13. Béla Fleck and the Flecktones: Jingle All the Way (2008)

Long-serving US jazz/bluegrass outfit Béla Fleck and the Flecktones scored a big hit with their first festive album (and 13th album overall) in 2008. The album reached the top spot on the Top Contemporary Jazz chart.

best christmas jazz albums - bela fleck jingle all the way
best christmas jazz albums - bela fleck jingle all the way

Standout track might be the group's version of the traditional Christmas carol 'The Twelve Days of Christmas', which features 12 different keys and 12 different time signatures. There's also a beautifully executed medley of favourite Christmas songs including including 'We Wish You a Merry Christmas','Rudolph the Red Nosed Reindeer' and 'My Favorite Things'. Definitely one of the best Christmas jazz albums out there.
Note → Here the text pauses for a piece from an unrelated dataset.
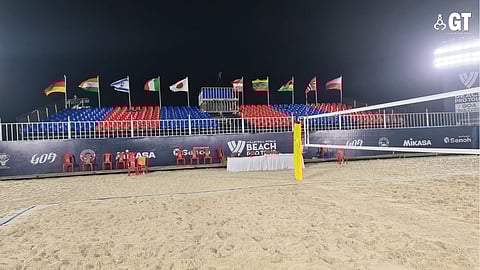 The venue of the FIVB Beach Pro Tour at Varca, South Goa.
12. Jimmy Smith: Christmas '64 (1964)

Somethig a little different: the only album on our list to feature the Hammond organ. Jimmy Smith's 1964 festive release features hugely likeable, organ renderings of favourite Christmas songs including 'God Rest Ye Merry Gentlemen', 'We Three Kings of Orient Are', 'Silent Night' and others.

Later re-released as Christmas Cookin' in 1966.

11. Wynton Marsalis: Crescent City Christmas Card (1989)

Trumpeter Wynton Marsalis is a hulely respected figure across both the jazz and classical landscapes. His jazz recordings need little introduction: but Marsalis has also released some acclaimed classical recordings. These include his Haydn and Mozart trumpet concertos, a Grammy-winning disc back in 1983.

However, Marsalis's 1989 Christmas album Crescent City Christmas Card found him firmly in jazz mode, with swinging renditions of festive faves including 'O Tannenbaum' / 'O Christmas Tree', 'Twas the Night before Christmas' and 'Winter Wonderland'.

10. A Dave Brubeck Christmas (1996)

Dave Brubeck is probably best known for the iconic track Take Five, recorded way back in 1959. Fast forward a few decades to the mid 1990s, however, and we find Dave in excellent, if quite different form, with this beautiful solo piano album of Christmas standards given the lightest of jazz touches.

'Joy to the World' sounds deeply affecting, Christmas kids' favourites such as 'Jingle Bells' and 'Winter Wonderland' get some quicksilver improvisational magic... and there's even a Brubeck original, the atmospheric 'To Us Is Given'. In short, A Dave Brubeck Christmas has plenty to recommend it as one of the very best Christmas jazz albums.

We named Dave Brubeck one of the best jazz pianists ever

9. Jamie Cullum: The Pianoman at Christmas (2020)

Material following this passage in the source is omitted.